After the digestion by pancreatin, taking the water solution outside the dialysis bag, and measuring the content of magnesium ions in the water solution by EDTA complexometric titration to show the content of the magnesium ions penetrating through the simulated intestinal tract.

V1: titrating the volume of EDTA solution required by magnesium ions in the supernatant, namely mL;

v2: titrating the volume of EDTA solution required by magnesium ions in the equal volume of the solution, wherein the volume is mL;

c: concentration of EDTA solution, mol/L.

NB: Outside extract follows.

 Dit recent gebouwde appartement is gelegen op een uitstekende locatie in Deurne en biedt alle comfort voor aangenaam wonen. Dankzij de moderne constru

The factors influencing the utilization rate of magnesium in diet are many, the absorption rate of magnesium in diet is low by human body, the main reason is that magnesium and phytic acid can form insoluble complex in small intestine, the insoluble magnesium-phytic acid complex can not be absorbed and utilized by human body due to lack of corresponding phytase in human intestine, the bioavailability of magnesium is greatly reduced, the bioavailability of mineral elements can be evaluated by using in vitro simulated gastrointestinal tract digestion-dialysis method, the dialysis rate and solubility of magnesium ascorbate and magnesium sulfate are determined according to the experimental method described by Wolfgor, and the dissolution rate and dialysis rate of two substances after gastrointestinal tract digestion are shown in figures 12-14.

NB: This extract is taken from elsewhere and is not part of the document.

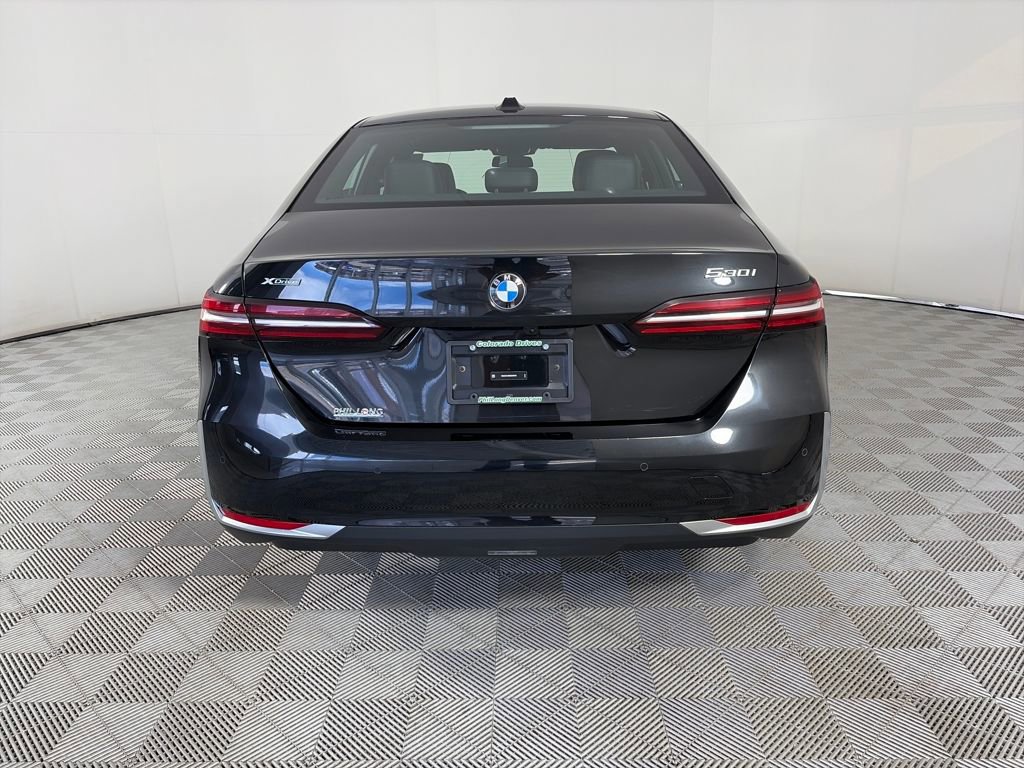 Used 2024 BMW 530i xDrive image 4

From the experimental results, the dissolution rates of magnesium ions in the magnesium ascorbate of examples 1 to 3 after stomach digestion are 97.91%, 97.87% and 97.82% respectively, and the dissolution rates after intestinal digestion are 54.38%, 54.56% and 54.33% respectively; comparative examples 1 to 3 the dissolution rates of magnesium ions in magnesium ascorbate after gastric digestion were 97.44%, 97.36% and 97.29%, respectively, and the dissolution rates after intestinal digestion were 51.99%, 52.29% and 52.13%, respectively; the dissolution rates of magnesium ions in the magnesium sulfate after being digested by stomach and intestinal tracts are respectively 97.8% and 33.15%. Examples 1 to 3 had respective dialyzates of 42.68%, 41.59% and 41.71% for magnesium ions in magnesium ascorbate, and comparative examples 1 to 3 had respective dialyzates of 36.37%, 35.98% and 35.12% for magnesium ions in magnesium ascorbate, while the diafiltration of 22.93% for magnesium ions in magnesium sulfate. It can be seen that the dialysis rate of magnesium ions in magnesium ascorbate is significantly higher than that of magnesium sulfate, and although magnesium sulfate exists in a stomach environment in a dissolved state, the solubility of magnesium sulfate is significantly reduced after the magnesium sulfate enters an intestinal environment, so that the magnesium ions in magnesium ascorbate can easily enter the intestinal environment, which indicates that the bioavailability of magnesium ascorbate is higher than that of magnesium sulfate, and the bioavailability of magnesium ascorbate prepared by an ultrasonic method is higher than that of a conventional method, which may be related to the content of magnesium ascorbate.

The above embodiments are only used for illustrating the technical solution of the present invention, and not for limiting the same; although the invention has been described in detail with reference to the foregoing embodiments, it will be apparent to those skilled in the art that various changes may be made and equivalents may be substituted for elements thereof; but it is also intended to cover such modifications or alterations insofar as they come within the scope of the appended claims.